→ **Work request**: Repeat each entry exactly and drop the pictures.

→ **Exercise data**:
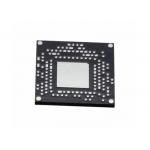 Ethernet IC VSC8514XMK-14 Quad-Port PHY Ethernet Transceivers With QSGMII MAC for sale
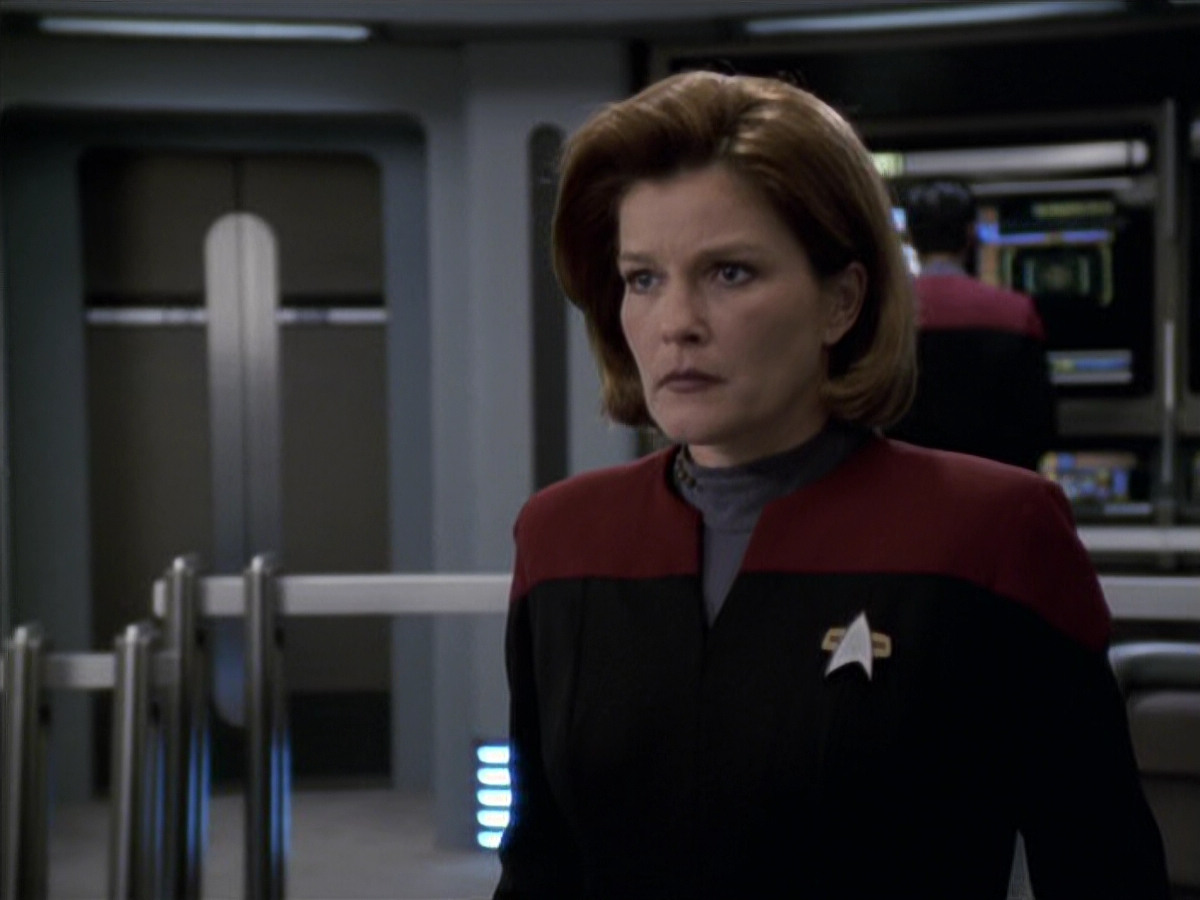 extant_StarTrek_VOY_6x26-UnimatrixZeroPart1_00795.jpg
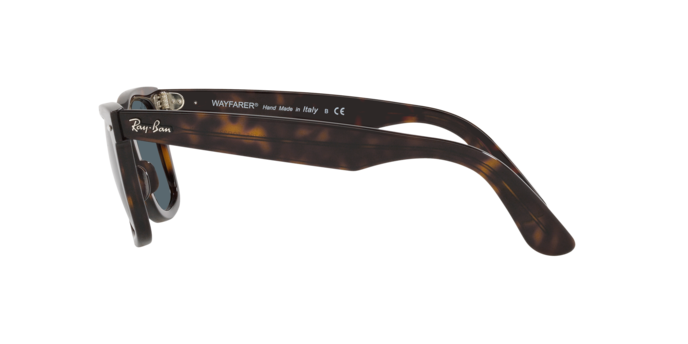 Sunglasses Ray-Ban RB2140 WAYFARER 902/R5 8056597463546 | Ottica Lux Sunglasses Ray-Ban RB2140 WAYFARER 902/R5 8056597463546 | Ottica Lux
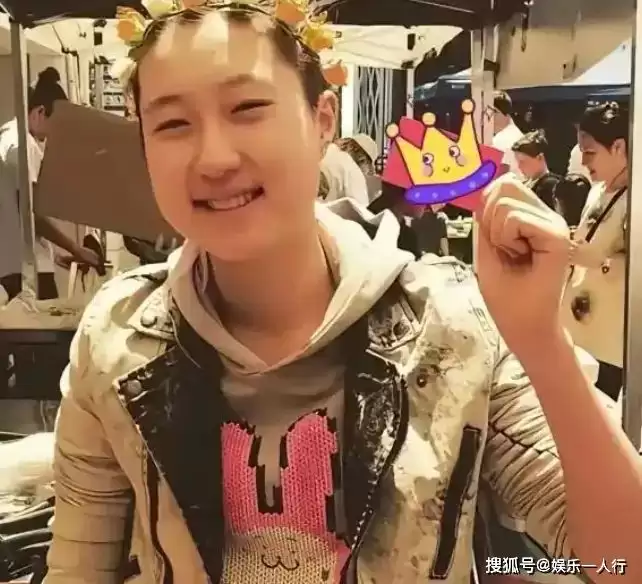 吴卓林回港现状：工作不靠妈，被曝接成龙项目...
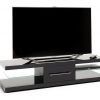 Techlink Tv Stands Sale (Photo 5 of 20)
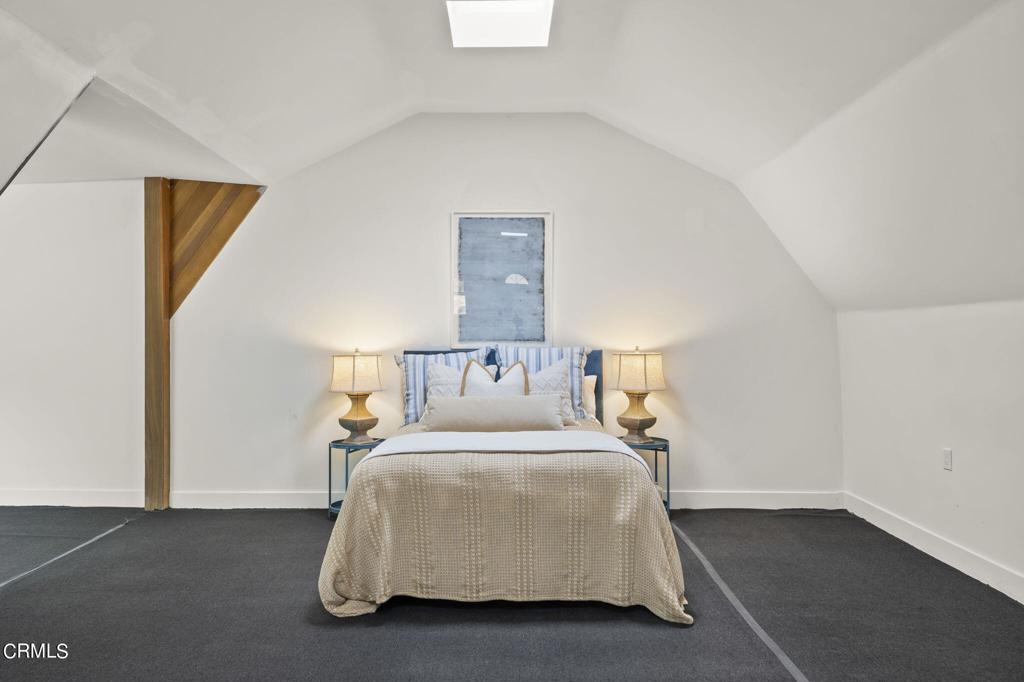 12810 Treeranch Road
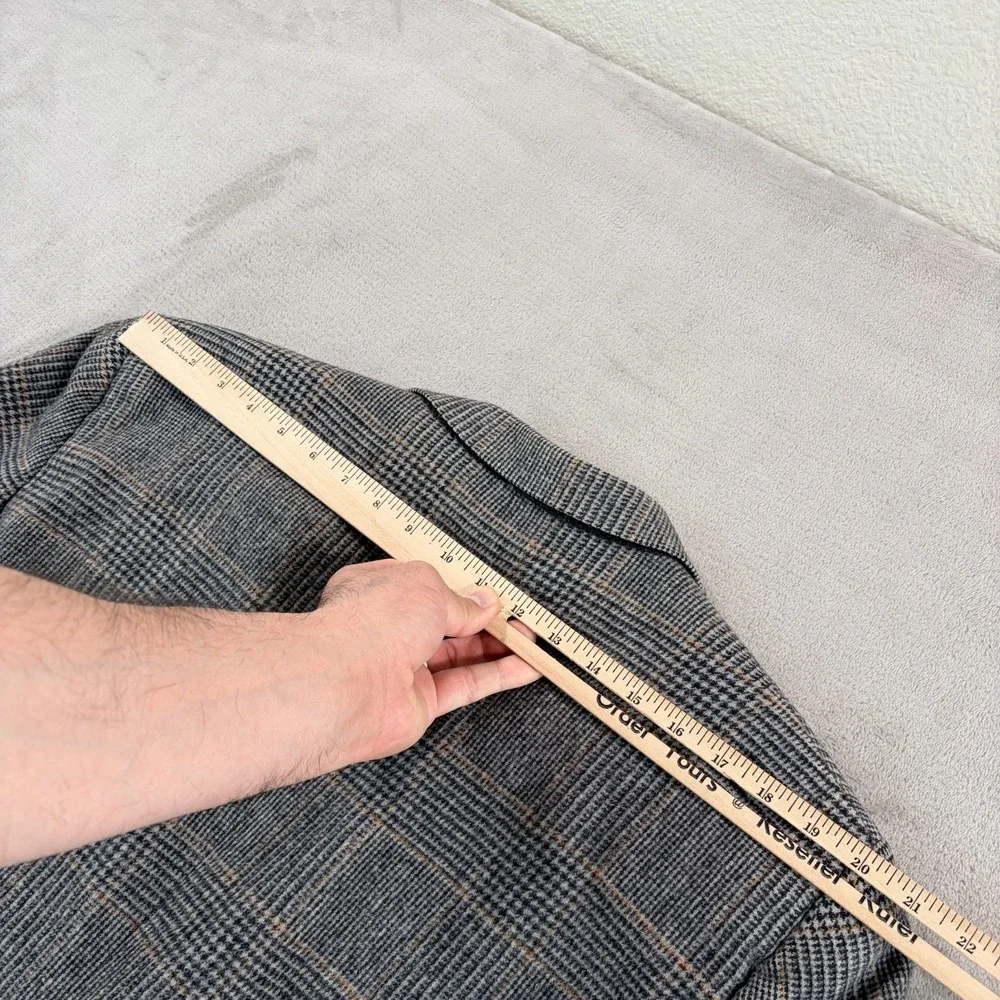 Burberry this vintage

→ **Written response**:
 Ethernet IC VSC8514XMK-14 Quad-Port PHY Ethernet Transceivers With QSGMII MAC for sale
 extant_StarTrek_VOY_6x26-UnimatrixZeroPart1_00795.jpg
 Sunglasses Ray-Ban RB2140 WAYFARER 902/R5 8056597463546 | Ottica Lux Sunglasses Ray-Ban RB2140 WAYFARER 902/R5 8056597463546 | Ottica Lux
 吴卓林回港现状：工作不靠妈，被曝接成龙项目...
 Techlink Tv Stands Sale (Photo 5 of 20)
 12810 Treeranch Road
 Burberry this vintage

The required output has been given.